Extract the full listing verbatim and drop any pictures from your copy.

════════════════════

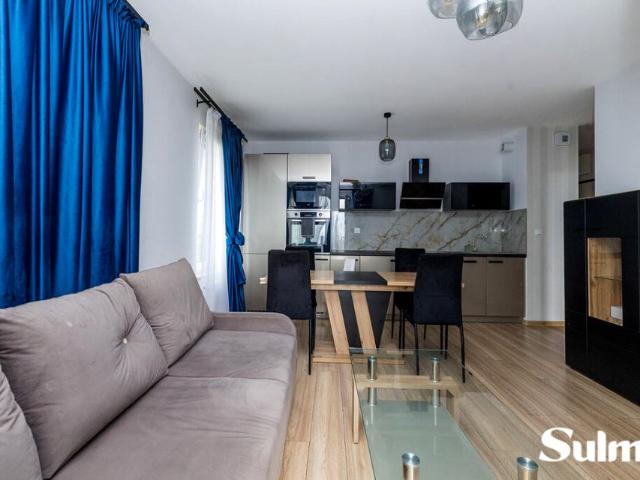 Stefana Banacha 59 62 m², Kraków
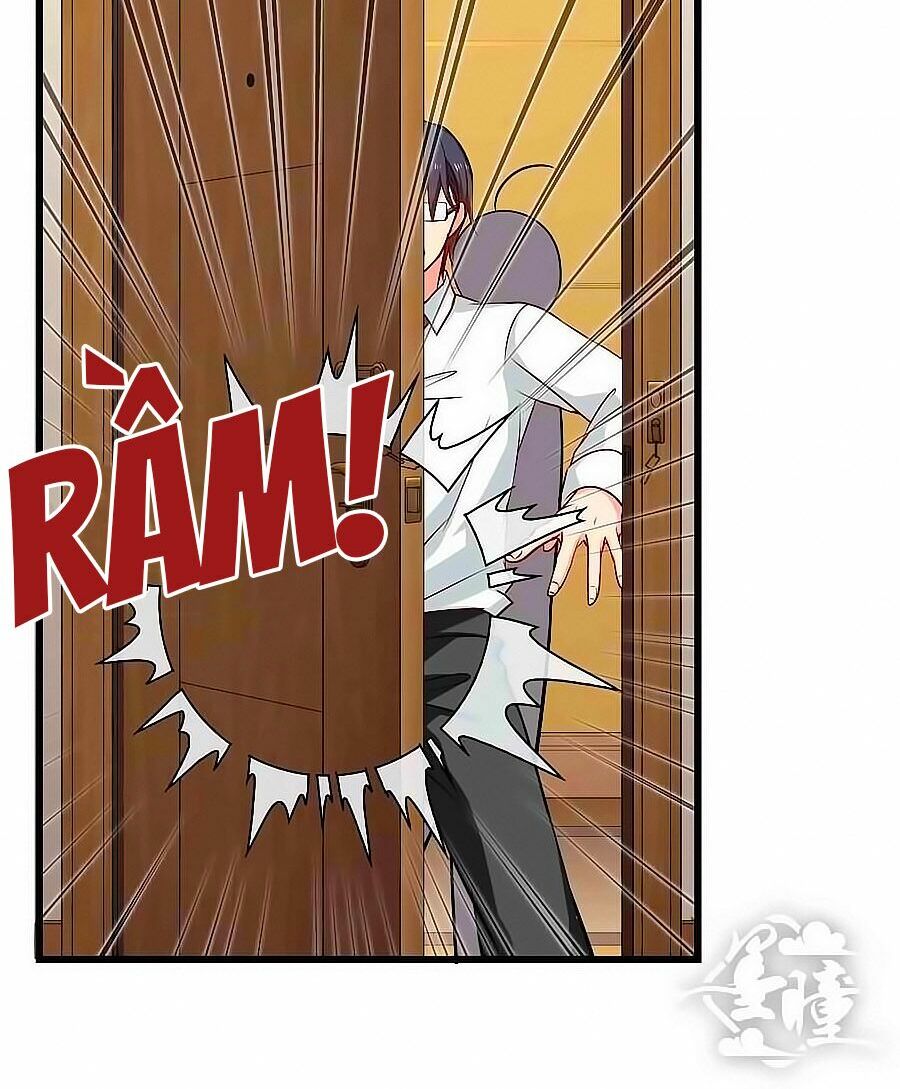 Chỉ Nhiễm Thành Hôn: Chapter 72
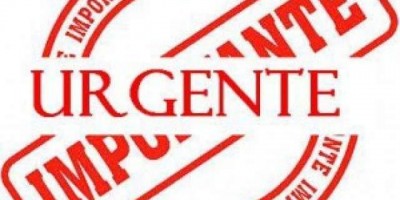 Atenção Servidores da SEMEC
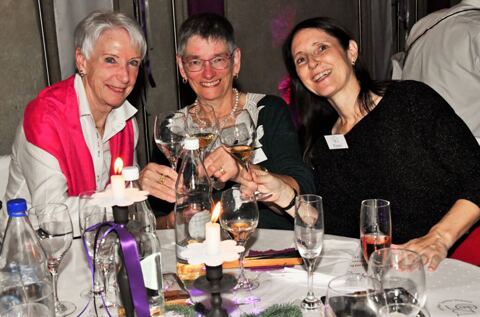 Margrit Spätzle Hanni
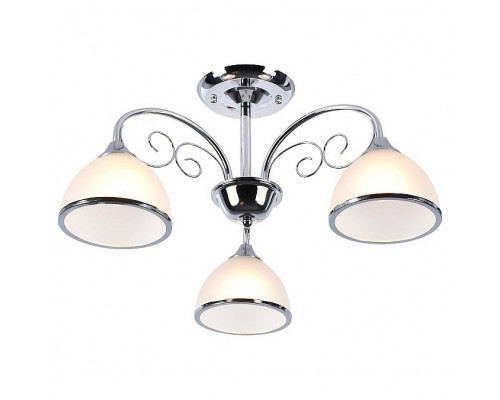 Люстра на штанге Escada 1125 1125/3P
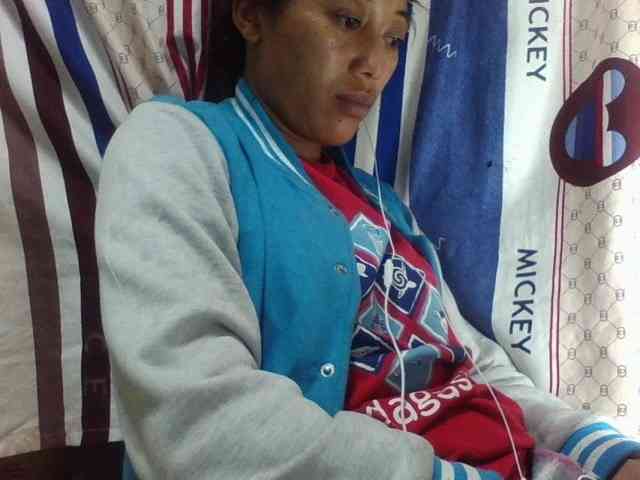 Laurencia12 webcam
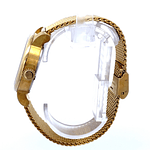 Reloj Wenger Urban Classic Unisex Acero Dorado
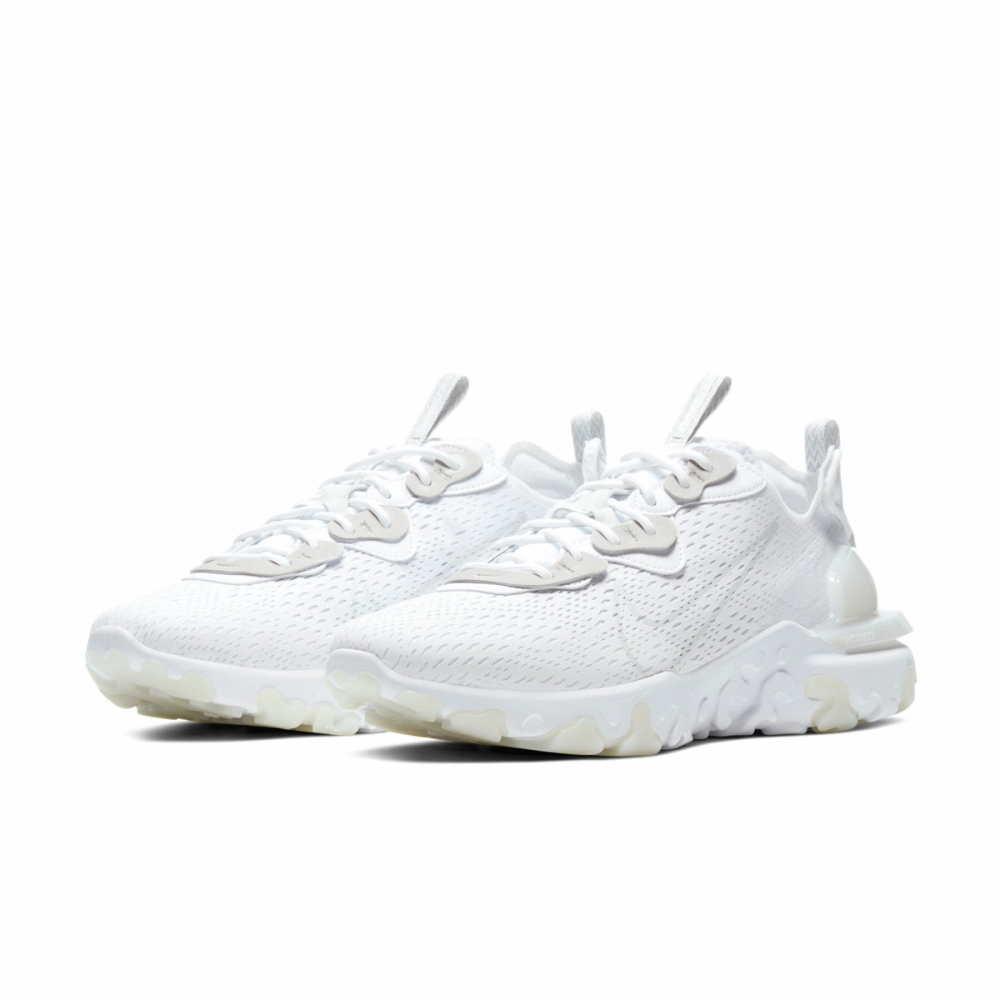 All white reacts clearance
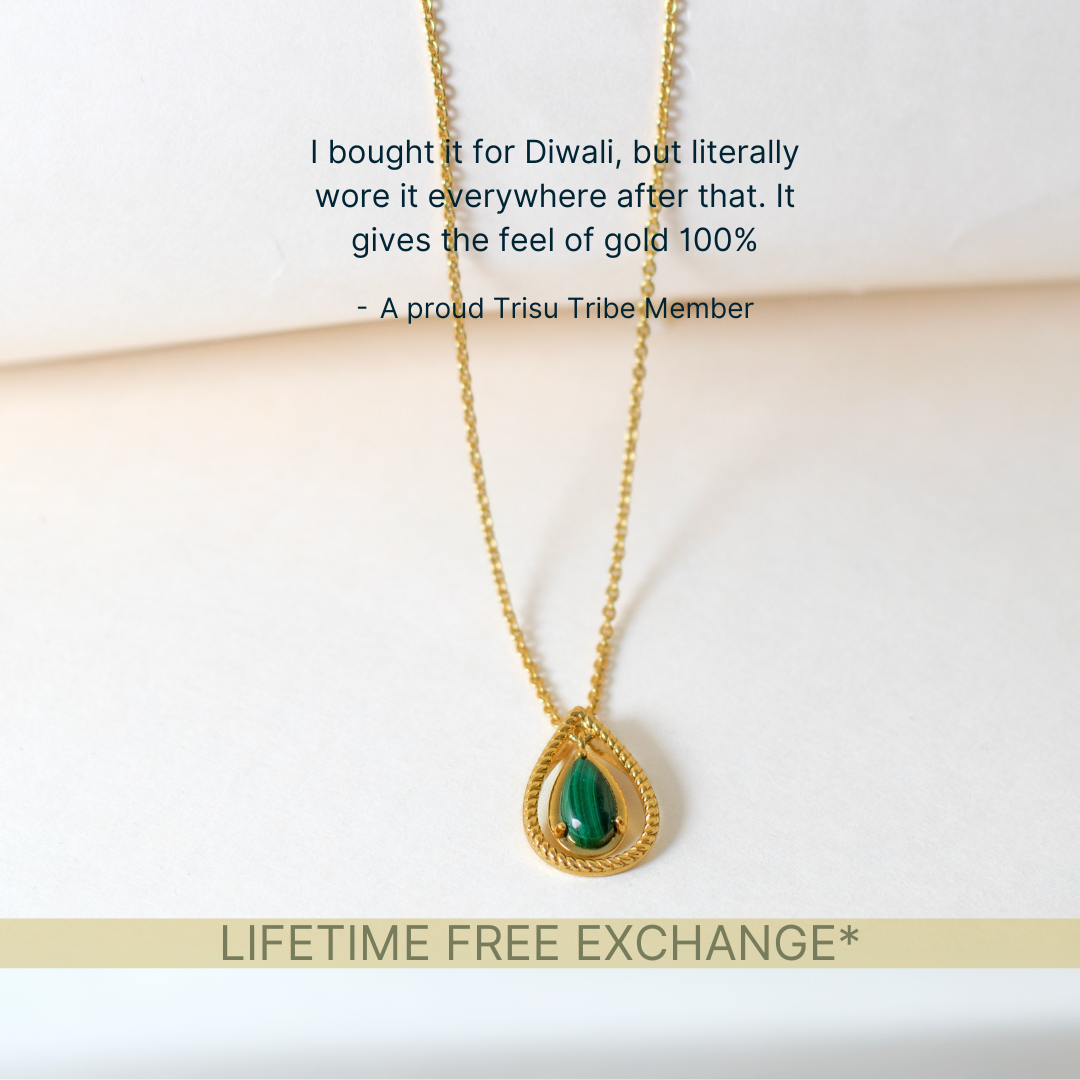 Courage Neckpiece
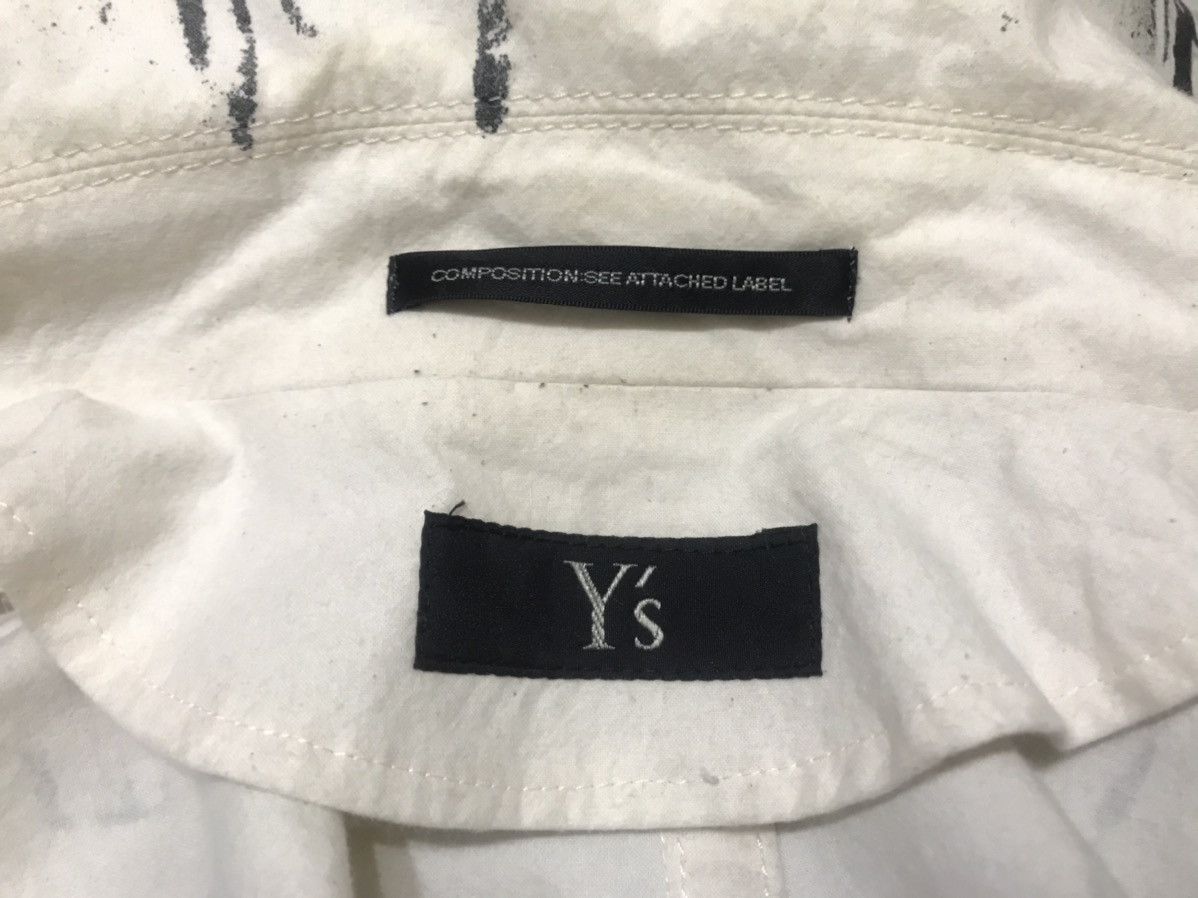 Yohji Yamamoto 20AW COAT Size US S / EU 44-46 / 1 - 3 Thumbnail
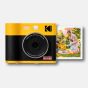 Kodak 柯達 - Mini Shot 3 Era MS300 即影即有相機+相片打印機 (黃色) CR-PD-43678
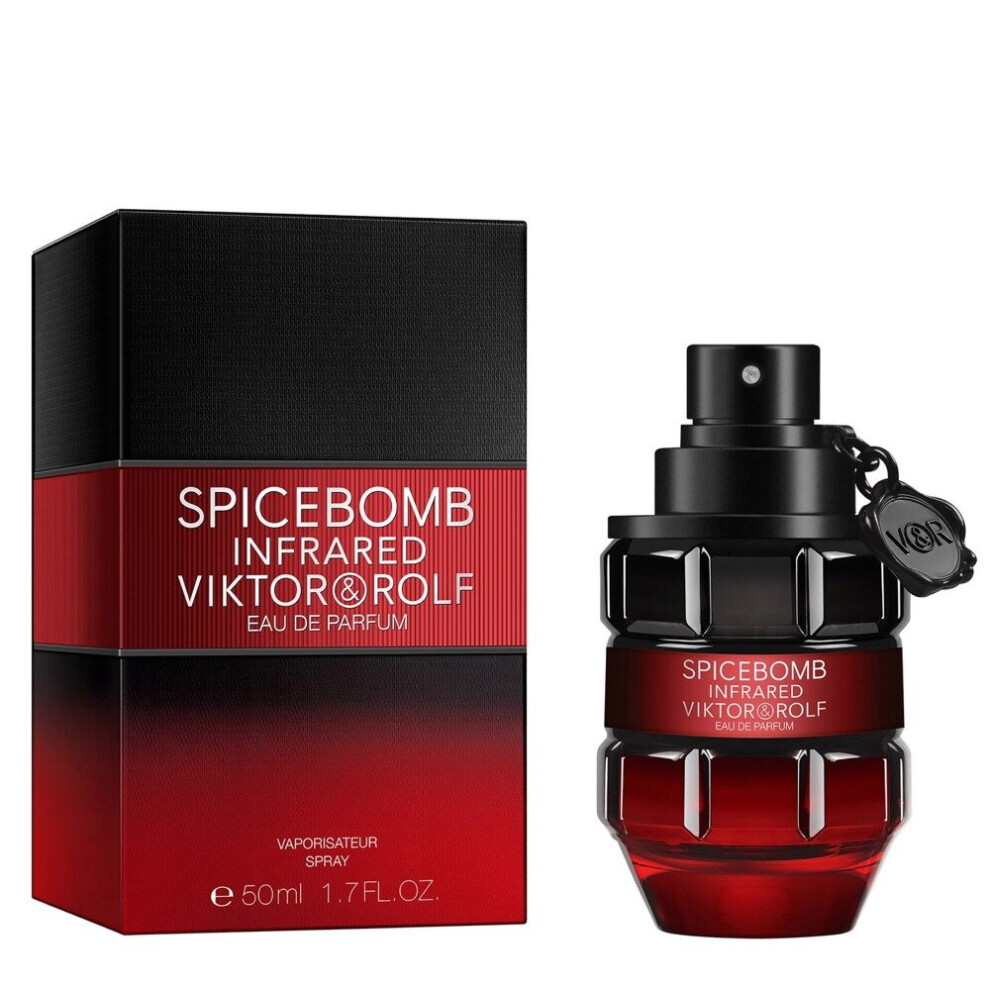 Viktor & Rolf Spicebomb Infrared 50ml EDP Spray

════════════════════

» **Written solution**
 Stefana Banacha 59 62 m², Kraków
 Chỉ Nhiễm Thành Hôn: Chapter 72
 Atenção Servidores da SEMEC
 Margrit Spätzle Hanni
 Люстра на штанге Escada 1125 1125/3P
 Laurencia12 webcam
 Reloj Wenger Urban Classic Unisex Acero Dorado
 All white reacts clearance
 Courage Neckpiece
 Yohji Yamamoto 20AW COAT Size US S / EU 44-46 / 1 - 3 Thumbnail
 Kodak 柯達 - Mini Shot 3 Era MS300 即影即有相機+相片打印機 (黃色) CR-PD-43678
 Viktor & Rolf Spicebomb Infrared 50ml EDP Spray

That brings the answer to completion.